Сэм сочувственно улыбнулся. Он прекрасно знал, что она никогда не говорит об отце. Нуньо считал его бессердечным, а Иниго – безответственным. Только Ингрид была на стороне Рамона и верила, что нельзя говорить о нем, основываясь только на том тривиальном факте, что он недостойный отец, предавший свою семью.

Когда семь лет назад Рамон покинул Польперро, все остались буквально наэлектризованными его внезапным визитом. Федерика гордо говорила о нем при каждой возможности, уверенно ожидая его следующего появления. Она рассчитывала, что, возможно, наступит день, когда он приедет, чтобы остаться навсегда. Она писала ему длинные письма, подписанные с любовью и отправленные с надеждой. Он написал для нее поэмы и роман, посвященный «моей дочери», о девушке Топакуай, жившей в Перу, но никто из Эплби не мог ничего из этого прочитать, кроме Нуньо, имевшего базовое знание испанского, благодаря тому, что он свободно владел итальянским. Потом письма стали приходить все реже, а затем их поток практически иссяк. Не было ни внезапных визитов, ни телефонных звонков. Федерика хранила его письма в шкатулке с бабочкой, которую прятала под кроватью. Почти бессознательно она стала окутывать образ отца покрывалом тайны. Она перестала упоминать о нем и уже никому не показывала свою любимую шкатулку. Она спрятала память о нем в молчаливых лабиринтах своих воспоминаний, где только она одна могла его навещать. Единственной персоной, для которой было сделано исключение, являлась Эстер, честно хранившая все ее секреты. Она даже ухитрилась утаить их от Молли, всячески пытавшейся выведать их у сестры. Но Эстер была непреклонна и очень гордилась верностью данному подруге слову.

Проходили годы, и Федерике становилось все более стыдно. У всех были отцы. Ее сверстники гадали, куда подевался отец Федерики, и шептались об этом за ее спиной. Она постоянно размышляла, не сделала ли нечто дурного, за что он разлюбил ее. Ведь если он по-прежнему любит ее, то должен захотеть увидеть. Если он по-прежнему любит ее, то скучает так же, как она без него. Она вспомнила его слова о сеньоре Бараке, поскольку помнила все, что когда-то он говорил ей: «Иногда лучше идти вперед, чем утонуть в прошлом. Нужно извлечь из прошлого уроки и затем забыть его». Он сделал выбор и ушел от них, значит ли это, что он предпочитает, чтобы о нем забыли?

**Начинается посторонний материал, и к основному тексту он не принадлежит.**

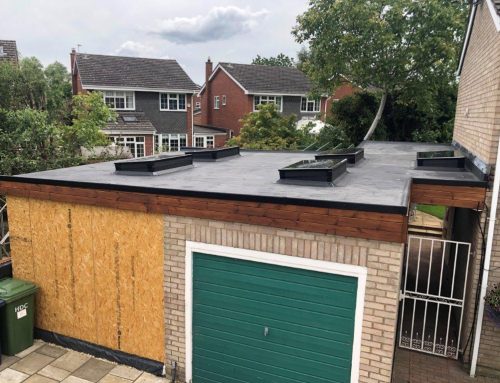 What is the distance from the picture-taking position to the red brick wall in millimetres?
35656

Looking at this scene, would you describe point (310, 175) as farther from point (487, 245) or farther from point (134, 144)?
point (134, 144)

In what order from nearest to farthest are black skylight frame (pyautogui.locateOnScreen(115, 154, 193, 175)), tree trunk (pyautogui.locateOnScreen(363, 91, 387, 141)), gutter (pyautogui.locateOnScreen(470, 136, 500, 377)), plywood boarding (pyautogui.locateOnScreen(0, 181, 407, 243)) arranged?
1. plywood boarding (pyautogui.locateOnScreen(0, 181, 407, 243))
2. gutter (pyautogui.locateOnScreen(470, 136, 500, 377))
3. black skylight frame (pyautogui.locateOnScreen(115, 154, 193, 175))
4. tree trunk (pyautogui.locateOnScreen(363, 91, 387, 141))

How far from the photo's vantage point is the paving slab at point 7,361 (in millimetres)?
6571

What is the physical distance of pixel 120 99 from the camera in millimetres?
29625

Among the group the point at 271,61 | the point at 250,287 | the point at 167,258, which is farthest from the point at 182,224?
the point at 271,61

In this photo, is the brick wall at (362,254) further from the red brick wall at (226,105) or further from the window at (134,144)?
the red brick wall at (226,105)

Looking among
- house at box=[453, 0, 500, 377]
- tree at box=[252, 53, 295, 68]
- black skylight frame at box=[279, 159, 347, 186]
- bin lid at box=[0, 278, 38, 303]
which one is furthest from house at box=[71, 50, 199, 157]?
tree at box=[252, 53, 295, 68]

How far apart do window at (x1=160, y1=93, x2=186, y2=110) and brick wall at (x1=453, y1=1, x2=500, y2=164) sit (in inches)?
953

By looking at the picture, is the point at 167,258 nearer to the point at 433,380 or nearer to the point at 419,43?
the point at 433,380

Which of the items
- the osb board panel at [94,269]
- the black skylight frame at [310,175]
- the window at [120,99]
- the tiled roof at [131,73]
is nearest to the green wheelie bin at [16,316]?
the osb board panel at [94,269]

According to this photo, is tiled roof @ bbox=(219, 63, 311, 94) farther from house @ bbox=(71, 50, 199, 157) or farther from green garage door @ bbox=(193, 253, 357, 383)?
green garage door @ bbox=(193, 253, 357, 383)

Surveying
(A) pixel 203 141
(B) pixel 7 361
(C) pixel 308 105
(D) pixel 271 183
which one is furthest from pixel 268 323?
(C) pixel 308 105

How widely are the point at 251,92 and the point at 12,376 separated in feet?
101

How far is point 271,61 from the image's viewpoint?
83.2 metres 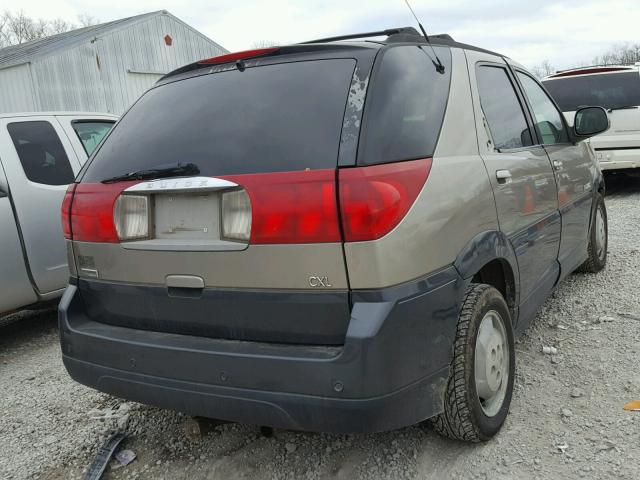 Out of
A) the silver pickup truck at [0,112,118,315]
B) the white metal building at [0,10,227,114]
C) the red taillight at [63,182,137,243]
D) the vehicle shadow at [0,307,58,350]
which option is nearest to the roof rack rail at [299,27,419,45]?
the red taillight at [63,182,137,243]

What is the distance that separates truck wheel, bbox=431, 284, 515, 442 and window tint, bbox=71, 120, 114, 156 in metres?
3.55

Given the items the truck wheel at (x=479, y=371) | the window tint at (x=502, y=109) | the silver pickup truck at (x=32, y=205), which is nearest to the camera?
the truck wheel at (x=479, y=371)

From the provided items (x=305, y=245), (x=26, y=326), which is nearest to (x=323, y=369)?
(x=305, y=245)

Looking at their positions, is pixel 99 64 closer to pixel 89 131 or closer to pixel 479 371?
pixel 89 131

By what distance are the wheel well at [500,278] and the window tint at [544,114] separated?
46.1 inches

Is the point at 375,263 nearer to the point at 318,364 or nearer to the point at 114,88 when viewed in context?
the point at 318,364

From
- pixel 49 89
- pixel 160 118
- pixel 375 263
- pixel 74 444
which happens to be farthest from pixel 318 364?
pixel 49 89

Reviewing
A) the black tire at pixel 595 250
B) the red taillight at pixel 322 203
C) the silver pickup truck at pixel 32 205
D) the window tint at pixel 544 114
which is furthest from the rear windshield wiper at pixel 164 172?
the black tire at pixel 595 250

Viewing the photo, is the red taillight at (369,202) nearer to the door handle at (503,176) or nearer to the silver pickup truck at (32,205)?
the door handle at (503,176)

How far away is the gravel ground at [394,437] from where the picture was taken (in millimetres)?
2479

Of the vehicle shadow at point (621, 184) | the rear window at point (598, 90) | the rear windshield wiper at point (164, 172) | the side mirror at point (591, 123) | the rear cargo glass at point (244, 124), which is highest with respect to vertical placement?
the rear cargo glass at point (244, 124)

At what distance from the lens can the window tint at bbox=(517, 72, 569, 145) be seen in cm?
364

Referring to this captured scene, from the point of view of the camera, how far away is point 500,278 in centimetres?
285

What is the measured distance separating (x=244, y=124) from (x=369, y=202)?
62cm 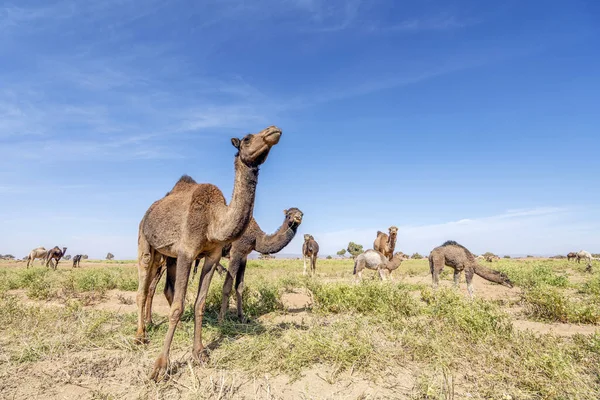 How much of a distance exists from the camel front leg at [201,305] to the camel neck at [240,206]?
2.39 feet

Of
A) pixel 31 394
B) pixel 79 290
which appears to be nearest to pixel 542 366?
pixel 31 394

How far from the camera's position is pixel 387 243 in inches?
703

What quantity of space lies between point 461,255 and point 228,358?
10.5 metres

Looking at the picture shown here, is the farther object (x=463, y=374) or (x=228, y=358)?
(x=228, y=358)

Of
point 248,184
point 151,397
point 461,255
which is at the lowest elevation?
point 151,397

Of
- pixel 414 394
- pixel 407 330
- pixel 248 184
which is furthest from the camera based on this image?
pixel 407 330

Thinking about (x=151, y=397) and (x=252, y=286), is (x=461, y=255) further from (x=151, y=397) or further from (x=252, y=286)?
(x=151, y=397)

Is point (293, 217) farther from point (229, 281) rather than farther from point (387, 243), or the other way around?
point (387, 243)

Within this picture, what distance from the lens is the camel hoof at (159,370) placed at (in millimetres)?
4461

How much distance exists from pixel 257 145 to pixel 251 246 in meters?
4.02

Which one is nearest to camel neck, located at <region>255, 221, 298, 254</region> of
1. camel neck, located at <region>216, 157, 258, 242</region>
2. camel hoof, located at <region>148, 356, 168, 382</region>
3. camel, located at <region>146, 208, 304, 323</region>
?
camel, located at <region>146, 208, 304, 323</region>

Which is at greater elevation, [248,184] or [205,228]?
[248,184]

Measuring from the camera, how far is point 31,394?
163 inches

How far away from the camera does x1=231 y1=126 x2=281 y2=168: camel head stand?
15.7 ft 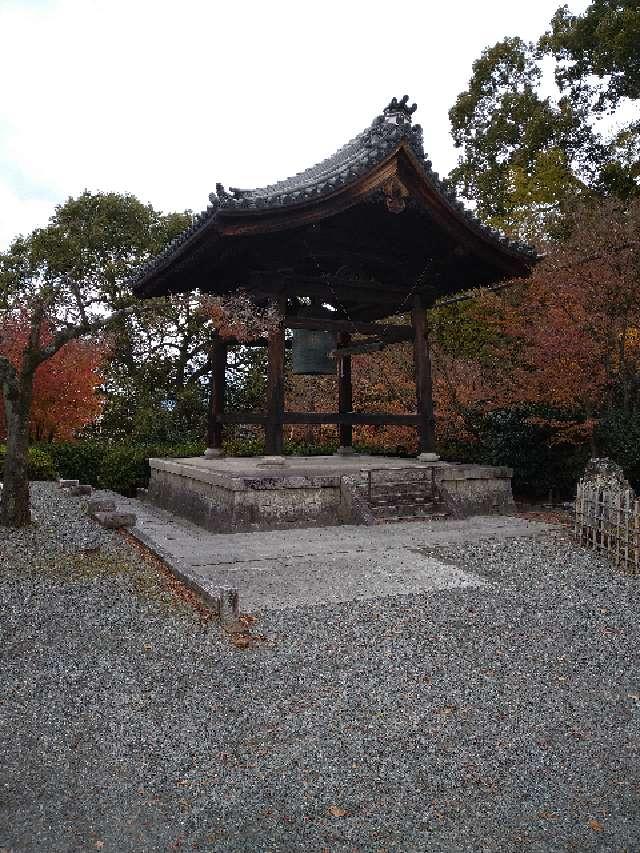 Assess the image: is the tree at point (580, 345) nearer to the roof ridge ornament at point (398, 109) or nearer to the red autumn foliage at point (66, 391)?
the roof ridge ornament at point (398, 109)

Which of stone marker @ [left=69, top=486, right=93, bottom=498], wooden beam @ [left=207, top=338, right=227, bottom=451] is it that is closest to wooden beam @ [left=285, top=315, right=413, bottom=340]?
wooden beam @ [left=207, top=338, right=227, bottom=451]

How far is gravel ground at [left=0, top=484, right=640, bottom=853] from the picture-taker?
2.62 metres

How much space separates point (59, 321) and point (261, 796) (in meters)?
9.98

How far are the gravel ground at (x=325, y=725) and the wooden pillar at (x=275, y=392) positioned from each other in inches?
184

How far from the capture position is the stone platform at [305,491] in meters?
9.29

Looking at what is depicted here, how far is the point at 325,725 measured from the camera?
11.3ft

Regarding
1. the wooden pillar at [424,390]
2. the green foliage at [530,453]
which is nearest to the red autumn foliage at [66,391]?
the wooden pillar at [424,390]

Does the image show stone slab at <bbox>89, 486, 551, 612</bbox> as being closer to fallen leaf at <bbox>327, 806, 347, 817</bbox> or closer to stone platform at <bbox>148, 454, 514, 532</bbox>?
stone platform at <bbox>148, 454, 514, 532</bbox>

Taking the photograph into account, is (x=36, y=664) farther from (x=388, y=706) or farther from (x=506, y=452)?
(x=506, y=452)

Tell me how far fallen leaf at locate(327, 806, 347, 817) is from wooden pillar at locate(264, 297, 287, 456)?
7679mm

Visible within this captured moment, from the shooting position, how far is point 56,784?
2.85m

– Мне очень понравился твой отец, – осторожно сказал Сэм. Он увидел, что ее губы приняли горестное выражение, а глаза снова заблестели от слез. – Извини, я не хотел затрагивать эту тему. Это, должно быть, очень болезненно для тебя, – оправдывался он, прикоснувшись к ее руке.

– Я тоскую без него, и это все, – всхлипнула она.